Records from a collection

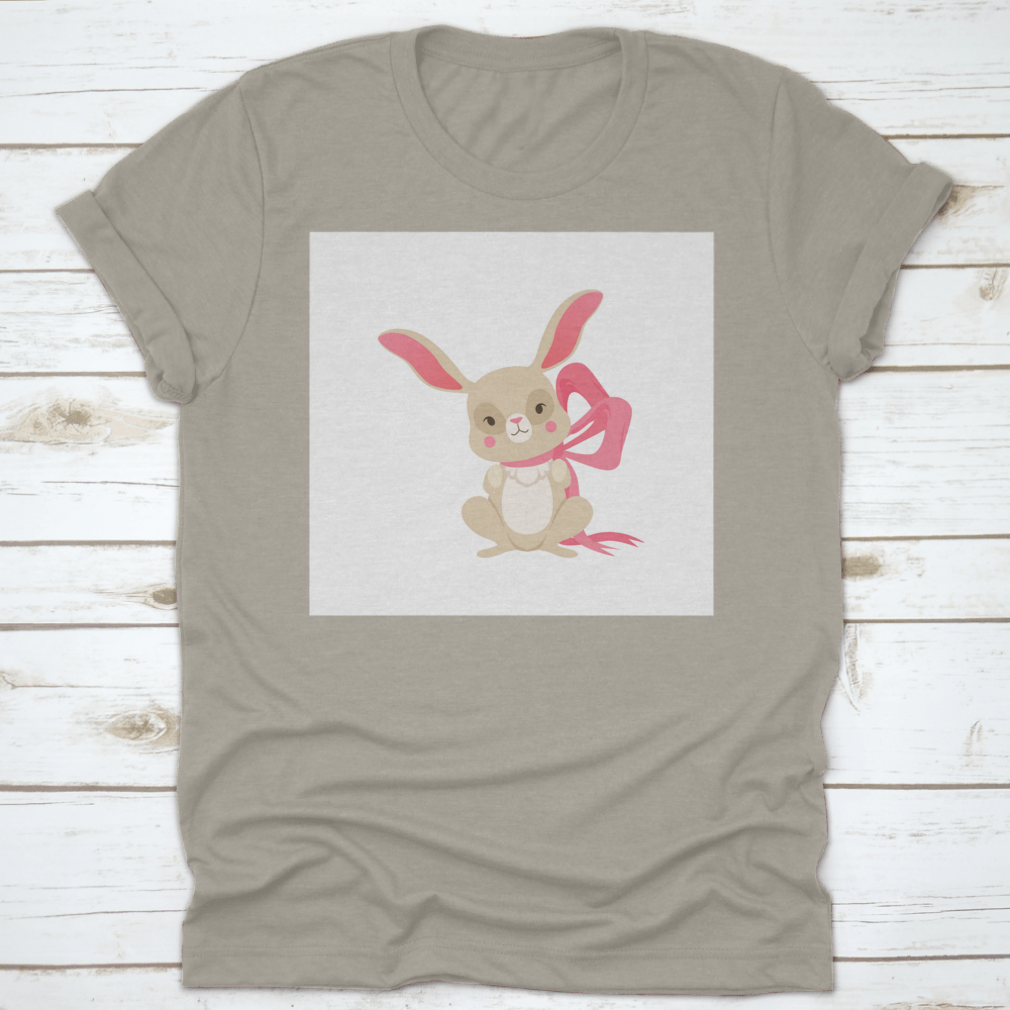 Cute cartoon bunny character wearing a pink ribbon, showcasing a fun and happy design.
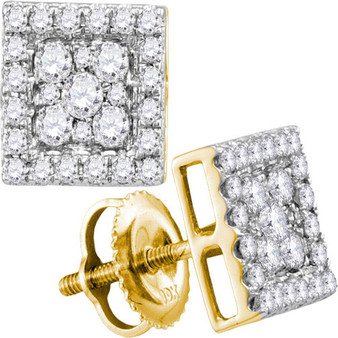 Earrings |  10kt Yellow Gold Womens Round Diamond Square Cluster Stud Earrings 1/2 Cttw |  Splendid Jewellery
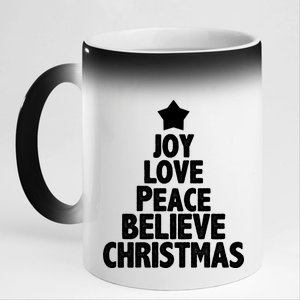 Christmas Tree Joy Love Peace Believe 11oz Black Color Changing Mug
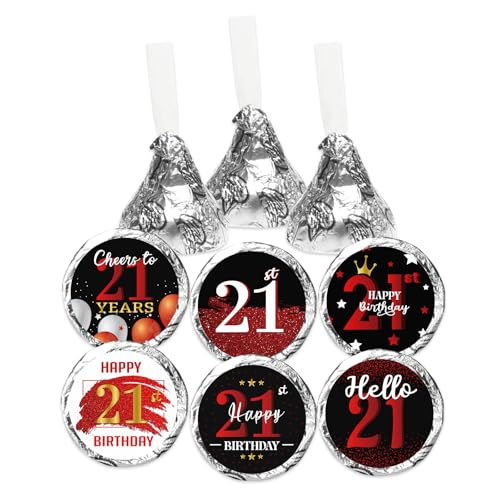 Image of Happy 21st Birthday Party Favor Labels Chocolate Kisses Candy Stickers - Twenty One Years Old Birthday Round Candy Sticker Party Favors - Black and Red - 150 Stickers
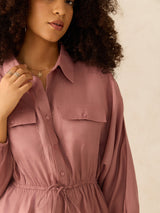 Women's Beige Mini Utility Detail Dress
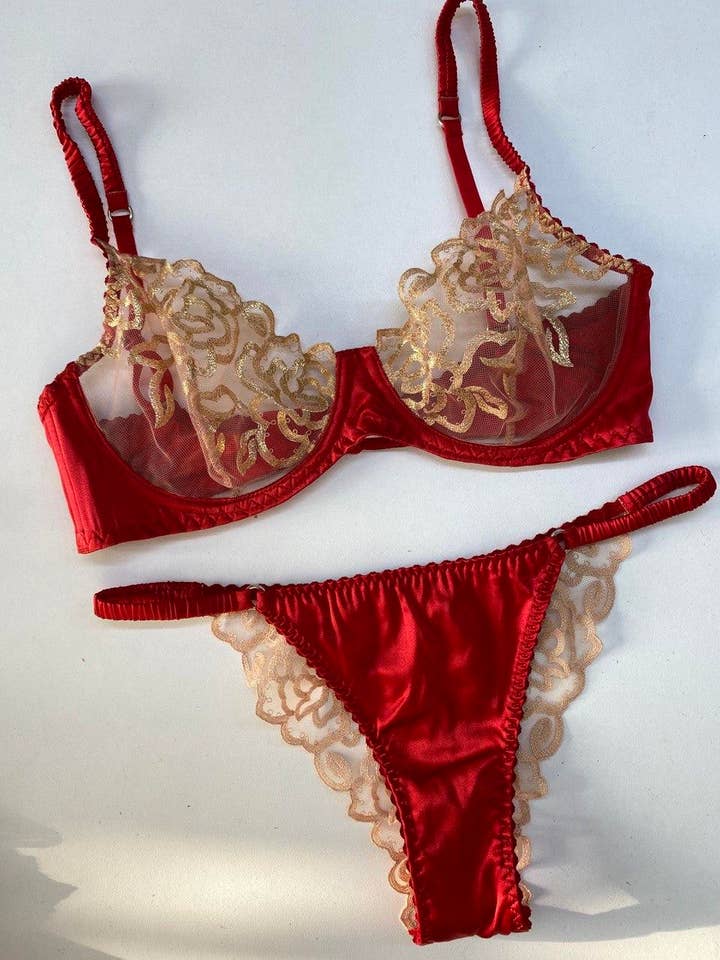 Angie's Showroom - Wholesale Lingerie Set - Women's - Clarissa Red and Gold Lingerie set (bra and panty)2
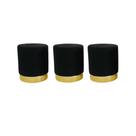 Kit 3 Puff redondo moderno com detalhe no rodapé para quarto ou sala de estar - Preto Suede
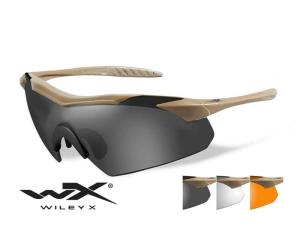 WILEY X - TACTICAL GLASSES WITH BALLISTIC PROTECTION MOD. VAPOR TAN 3 LENSES
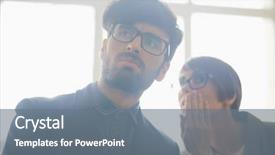  Presentation with office workers - Beautiful presentation design featuring office workers gossiping about newcomer backdrop and a gray colored foreground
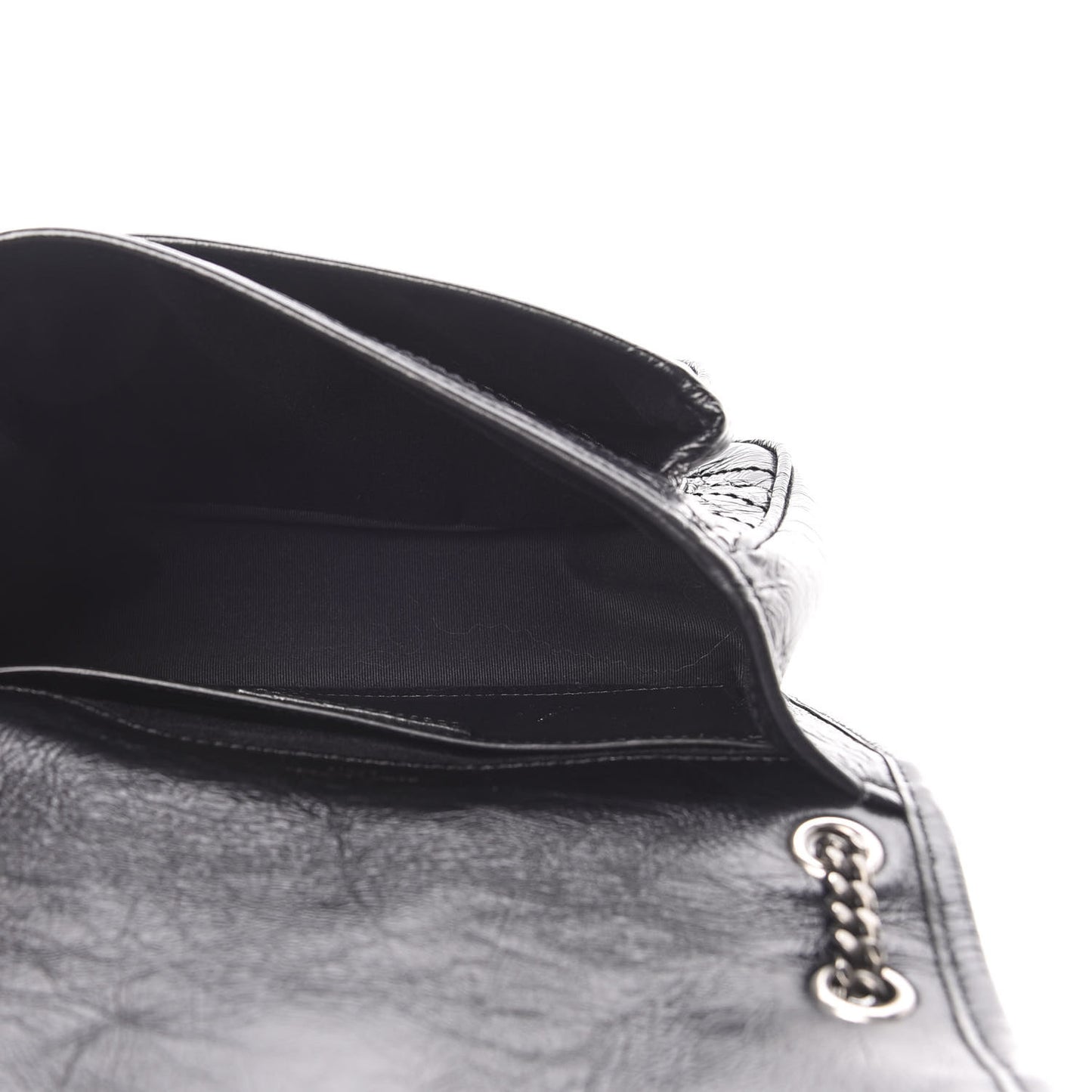 Crinkled Calfskin Matelasse Monogram Baby Niki Chain Satchel Black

Task directions:
Would you give again, exactly, the lines in the data above that run from the line containing "Christmas Tree Joy" to the line containing "Presentation with office"? Include both ends and no pictures.

Task result:
 Christmas Tree Joy Love Peace Believe 11oz Black Color Changing Mug
 Image of Happy 21st Birthday Party Favor Labels Chocolate Kisses Candy Stickers - Twenty One Years Old Birthday Round Candy Sticker Party Favors - Black and Red - 150 Stickers
 Women's Beige Mini Utility Detail Dress
 Angie's Showroom - Wholesale Lingerie Set - Women's - Clarissa Red and Gold Lingerie set (bra and panty)2
 Kit 3 Puff redondo moderno com detalhe no rodapé para quarto ou sala de estar - Preto Suede
 WILEY X - TACTICAL GLASSES WITH BALLISTIC PROTECTION MOD. VAPOR TAN 3 LENSES
  Presentation with office workers - Beautiful presentation design featuring office workers gossiping about newcomer backdrop and a gray colored foreground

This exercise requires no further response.